### Your instructions
Given the material below, output exactly the lines from the line with "Certech - Super" to the line with "邓文迪的2个闺女，长大了，绝对了不得！不是因为长的不像邓文迪，而是，", both ends included, and no other lines.

### Records
════

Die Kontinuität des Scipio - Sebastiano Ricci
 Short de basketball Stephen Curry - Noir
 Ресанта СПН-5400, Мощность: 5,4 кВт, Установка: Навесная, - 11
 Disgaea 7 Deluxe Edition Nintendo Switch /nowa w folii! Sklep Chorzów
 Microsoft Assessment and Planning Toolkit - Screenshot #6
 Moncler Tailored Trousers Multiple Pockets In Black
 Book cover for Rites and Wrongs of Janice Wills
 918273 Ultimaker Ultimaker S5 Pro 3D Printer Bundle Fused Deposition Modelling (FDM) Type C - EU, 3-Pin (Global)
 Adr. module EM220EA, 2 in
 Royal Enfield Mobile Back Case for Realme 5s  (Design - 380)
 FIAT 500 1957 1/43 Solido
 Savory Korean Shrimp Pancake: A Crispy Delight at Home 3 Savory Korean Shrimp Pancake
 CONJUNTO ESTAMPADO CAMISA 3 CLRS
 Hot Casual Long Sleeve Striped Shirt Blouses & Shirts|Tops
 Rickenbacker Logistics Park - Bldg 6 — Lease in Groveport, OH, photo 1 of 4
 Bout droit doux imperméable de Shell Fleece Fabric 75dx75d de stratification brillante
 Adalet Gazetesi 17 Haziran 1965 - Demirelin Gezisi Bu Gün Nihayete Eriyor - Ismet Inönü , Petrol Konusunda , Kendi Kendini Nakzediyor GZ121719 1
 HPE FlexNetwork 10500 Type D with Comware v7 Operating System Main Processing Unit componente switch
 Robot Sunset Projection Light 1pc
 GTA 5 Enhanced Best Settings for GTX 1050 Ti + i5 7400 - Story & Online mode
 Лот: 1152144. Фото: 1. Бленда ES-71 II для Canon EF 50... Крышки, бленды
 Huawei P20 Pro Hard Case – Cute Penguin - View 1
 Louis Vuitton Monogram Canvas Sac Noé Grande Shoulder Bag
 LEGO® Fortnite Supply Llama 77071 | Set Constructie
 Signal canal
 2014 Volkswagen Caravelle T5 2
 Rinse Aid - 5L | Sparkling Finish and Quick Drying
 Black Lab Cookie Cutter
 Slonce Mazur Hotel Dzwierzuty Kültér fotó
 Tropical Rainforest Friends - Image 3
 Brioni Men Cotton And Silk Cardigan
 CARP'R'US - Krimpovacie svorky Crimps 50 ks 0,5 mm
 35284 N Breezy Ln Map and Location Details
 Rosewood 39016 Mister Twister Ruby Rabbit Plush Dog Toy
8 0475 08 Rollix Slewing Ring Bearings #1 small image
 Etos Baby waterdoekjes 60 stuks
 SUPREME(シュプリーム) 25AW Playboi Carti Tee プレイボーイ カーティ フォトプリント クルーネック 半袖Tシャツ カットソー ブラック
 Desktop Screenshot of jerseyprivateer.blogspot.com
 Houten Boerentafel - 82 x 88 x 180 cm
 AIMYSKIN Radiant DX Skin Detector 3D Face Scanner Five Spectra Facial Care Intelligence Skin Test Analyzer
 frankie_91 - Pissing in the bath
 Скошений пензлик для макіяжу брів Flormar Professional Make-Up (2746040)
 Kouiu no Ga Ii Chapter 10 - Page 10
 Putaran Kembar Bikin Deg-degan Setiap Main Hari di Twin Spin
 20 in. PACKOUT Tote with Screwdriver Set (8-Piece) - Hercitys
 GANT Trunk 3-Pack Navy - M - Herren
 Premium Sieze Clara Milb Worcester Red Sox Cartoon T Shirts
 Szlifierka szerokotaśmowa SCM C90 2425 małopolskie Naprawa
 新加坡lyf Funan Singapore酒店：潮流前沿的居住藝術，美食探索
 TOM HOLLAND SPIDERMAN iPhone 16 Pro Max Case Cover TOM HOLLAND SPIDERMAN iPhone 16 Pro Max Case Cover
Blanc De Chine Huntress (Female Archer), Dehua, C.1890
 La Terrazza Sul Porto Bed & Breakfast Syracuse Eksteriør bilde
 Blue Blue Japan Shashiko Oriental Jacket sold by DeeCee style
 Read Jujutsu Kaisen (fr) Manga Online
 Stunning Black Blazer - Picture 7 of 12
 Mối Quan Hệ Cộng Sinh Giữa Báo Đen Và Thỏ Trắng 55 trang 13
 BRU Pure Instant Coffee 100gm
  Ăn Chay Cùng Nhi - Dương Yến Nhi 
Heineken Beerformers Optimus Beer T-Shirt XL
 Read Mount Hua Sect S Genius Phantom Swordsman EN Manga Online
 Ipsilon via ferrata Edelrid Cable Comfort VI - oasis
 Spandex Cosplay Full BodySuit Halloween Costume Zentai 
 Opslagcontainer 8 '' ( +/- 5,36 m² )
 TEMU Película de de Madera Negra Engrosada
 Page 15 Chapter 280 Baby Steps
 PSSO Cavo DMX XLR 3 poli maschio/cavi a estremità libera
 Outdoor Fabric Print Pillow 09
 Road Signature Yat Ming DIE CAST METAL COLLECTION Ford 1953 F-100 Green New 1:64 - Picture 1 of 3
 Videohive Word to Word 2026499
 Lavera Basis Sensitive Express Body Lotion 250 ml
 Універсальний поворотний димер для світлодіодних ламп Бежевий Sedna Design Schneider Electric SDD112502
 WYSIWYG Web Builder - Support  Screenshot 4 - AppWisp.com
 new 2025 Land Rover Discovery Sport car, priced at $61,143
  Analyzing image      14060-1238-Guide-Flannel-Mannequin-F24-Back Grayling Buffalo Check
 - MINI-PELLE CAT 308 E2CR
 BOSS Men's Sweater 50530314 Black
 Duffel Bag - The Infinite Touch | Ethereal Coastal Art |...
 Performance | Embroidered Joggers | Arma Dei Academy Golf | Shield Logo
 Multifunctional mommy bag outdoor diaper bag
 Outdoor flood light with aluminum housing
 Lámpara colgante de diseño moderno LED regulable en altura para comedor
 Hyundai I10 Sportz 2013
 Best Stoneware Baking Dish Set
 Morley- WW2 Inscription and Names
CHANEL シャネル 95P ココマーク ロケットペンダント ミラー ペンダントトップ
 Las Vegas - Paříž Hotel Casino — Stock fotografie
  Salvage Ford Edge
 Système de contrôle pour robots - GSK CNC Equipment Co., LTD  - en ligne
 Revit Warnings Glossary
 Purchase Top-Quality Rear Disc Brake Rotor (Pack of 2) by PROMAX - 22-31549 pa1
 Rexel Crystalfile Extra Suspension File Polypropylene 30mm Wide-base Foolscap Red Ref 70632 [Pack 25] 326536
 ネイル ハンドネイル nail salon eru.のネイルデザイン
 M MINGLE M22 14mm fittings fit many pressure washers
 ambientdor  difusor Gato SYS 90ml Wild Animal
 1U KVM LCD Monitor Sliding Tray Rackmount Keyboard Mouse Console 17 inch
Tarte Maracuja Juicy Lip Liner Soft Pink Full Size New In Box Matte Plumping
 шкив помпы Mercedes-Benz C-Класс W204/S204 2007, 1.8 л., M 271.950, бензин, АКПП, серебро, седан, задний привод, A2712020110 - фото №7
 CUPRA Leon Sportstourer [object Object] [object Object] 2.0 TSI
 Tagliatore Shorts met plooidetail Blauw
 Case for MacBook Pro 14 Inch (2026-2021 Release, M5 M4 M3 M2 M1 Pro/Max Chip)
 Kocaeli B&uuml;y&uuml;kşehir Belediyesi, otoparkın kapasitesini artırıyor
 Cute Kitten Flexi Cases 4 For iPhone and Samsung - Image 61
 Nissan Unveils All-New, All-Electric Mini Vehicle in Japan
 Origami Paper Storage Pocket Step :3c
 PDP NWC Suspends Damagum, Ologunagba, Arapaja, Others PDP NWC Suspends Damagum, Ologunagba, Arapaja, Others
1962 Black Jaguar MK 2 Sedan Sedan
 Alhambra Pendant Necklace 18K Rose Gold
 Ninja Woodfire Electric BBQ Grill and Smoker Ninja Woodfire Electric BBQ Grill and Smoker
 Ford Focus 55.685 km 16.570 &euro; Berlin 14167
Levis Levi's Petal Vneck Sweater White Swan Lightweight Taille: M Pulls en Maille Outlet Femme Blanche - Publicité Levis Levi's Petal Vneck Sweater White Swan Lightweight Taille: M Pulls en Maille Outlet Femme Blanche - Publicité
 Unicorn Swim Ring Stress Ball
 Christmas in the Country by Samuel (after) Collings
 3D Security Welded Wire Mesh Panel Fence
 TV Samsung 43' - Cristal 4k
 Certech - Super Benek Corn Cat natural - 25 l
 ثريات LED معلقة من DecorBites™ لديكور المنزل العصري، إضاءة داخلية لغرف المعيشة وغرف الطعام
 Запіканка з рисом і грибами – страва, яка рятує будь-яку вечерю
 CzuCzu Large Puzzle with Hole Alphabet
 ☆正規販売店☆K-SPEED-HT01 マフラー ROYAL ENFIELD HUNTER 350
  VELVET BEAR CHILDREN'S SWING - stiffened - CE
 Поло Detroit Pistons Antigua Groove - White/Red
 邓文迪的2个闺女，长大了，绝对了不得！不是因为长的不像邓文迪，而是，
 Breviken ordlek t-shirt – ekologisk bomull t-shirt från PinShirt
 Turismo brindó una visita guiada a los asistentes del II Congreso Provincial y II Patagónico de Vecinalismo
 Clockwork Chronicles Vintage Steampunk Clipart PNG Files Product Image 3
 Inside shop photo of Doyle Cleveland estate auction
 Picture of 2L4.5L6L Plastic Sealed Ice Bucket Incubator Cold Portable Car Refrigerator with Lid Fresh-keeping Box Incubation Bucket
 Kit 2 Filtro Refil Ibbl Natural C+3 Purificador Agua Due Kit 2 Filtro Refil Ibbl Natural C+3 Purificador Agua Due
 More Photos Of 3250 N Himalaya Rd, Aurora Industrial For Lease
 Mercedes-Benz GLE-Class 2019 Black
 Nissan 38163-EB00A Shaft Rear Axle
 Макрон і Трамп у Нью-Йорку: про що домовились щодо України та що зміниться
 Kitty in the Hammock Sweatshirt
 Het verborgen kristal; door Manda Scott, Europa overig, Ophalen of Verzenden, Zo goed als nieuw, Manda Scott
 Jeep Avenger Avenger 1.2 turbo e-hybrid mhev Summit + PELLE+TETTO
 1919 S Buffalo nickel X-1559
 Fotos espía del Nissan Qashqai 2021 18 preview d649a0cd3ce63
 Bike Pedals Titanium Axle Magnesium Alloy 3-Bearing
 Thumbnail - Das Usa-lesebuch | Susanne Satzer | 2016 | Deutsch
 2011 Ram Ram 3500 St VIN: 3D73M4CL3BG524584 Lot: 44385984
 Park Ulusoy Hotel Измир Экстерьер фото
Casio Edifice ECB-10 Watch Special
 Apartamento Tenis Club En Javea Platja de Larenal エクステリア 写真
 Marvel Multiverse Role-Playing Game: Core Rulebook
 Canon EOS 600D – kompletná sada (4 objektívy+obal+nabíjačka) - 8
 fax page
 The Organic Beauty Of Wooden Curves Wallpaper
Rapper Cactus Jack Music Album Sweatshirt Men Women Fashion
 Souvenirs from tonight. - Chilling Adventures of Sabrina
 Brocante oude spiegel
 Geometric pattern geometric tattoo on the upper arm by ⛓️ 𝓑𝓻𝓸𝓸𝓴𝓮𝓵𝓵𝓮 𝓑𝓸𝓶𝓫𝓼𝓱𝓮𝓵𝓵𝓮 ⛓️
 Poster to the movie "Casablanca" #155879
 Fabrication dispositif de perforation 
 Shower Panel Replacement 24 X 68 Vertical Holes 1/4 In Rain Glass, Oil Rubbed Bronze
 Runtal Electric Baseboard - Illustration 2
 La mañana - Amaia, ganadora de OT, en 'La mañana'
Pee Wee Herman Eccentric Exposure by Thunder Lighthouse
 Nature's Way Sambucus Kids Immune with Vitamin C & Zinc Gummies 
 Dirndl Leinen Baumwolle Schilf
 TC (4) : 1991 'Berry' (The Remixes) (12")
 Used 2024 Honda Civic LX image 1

════

### Answer to the problem
 Certech - Super Benek Corn Cat natural - 25 l
 ثريات LED معلقة من DecorBites™ لديكور المنزل العصري، إضاءة داخلية لغرف المعيشة وغرف الطعام
 Запіканка з рисом і грибами – страва, яка рятує будь-яку вечерю
 CzuCzu Large Puzzle with Hole Alphabet
 ☆正規販売店☆K-SPEED-HT01 マフラー ROYAL ENFIELD HUNTER 350
  VELVET BEAR CHILDREN'S SWING - stiffened - CE
 Поло Detroit Pistons Antigua Groove - White/Red
 邓文迪的2个闺女，长大了，绝对了不得！不是因为长的不像邓文迪，而是，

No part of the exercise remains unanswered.